David Patterson joined
the faculty at the University of California at Berkeley in 1977,
where he now holds the Pardee Chair of Computer Science. He is a
member of the National Academy of Engineering and is a fellow of
both the ACM (Association for Computing Machinery) and the IEEE
(Institute of Electrical and Electronics Engineers).
He led the design and implementation of RISC
I, likely the first VLSI Reduced Instruction Set Computer. This
research became the foundation of the SPARC architecture, used
by Sun Microsystems and others. He was a leader, along with Randy
Katz, of the Redundant Arrays of Inexpensive Disks project (or
RAID), which led to reliable storage systems from many companies.
He is co-author of five books, including two with John Hennessy,
who is now President of Stanford University. Patterson has been
chair of the CS division at Berkeley, the ACM SIG in computer
architecture, and the Computing Research Association.

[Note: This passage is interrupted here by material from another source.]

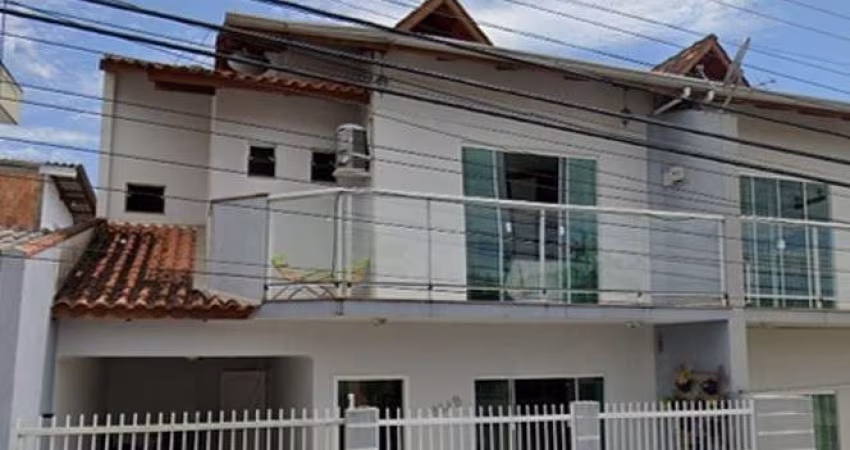 CASA 4 DORMITORIOS BAIRRO DAS NAÇÕES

His teaching has been honored by the ACM,
the IEEE, and the University of California. Patterson shared the
1999 IEEE Reynold Johnson Information Storage Award with Randy
Katz for the development of RAID and shared the 2000 IEEE von
Neumann medal with John Hennessy for “creating a revolution in
computer architecture through their exploration, popularization,
and commercialization of architectural innovations."
|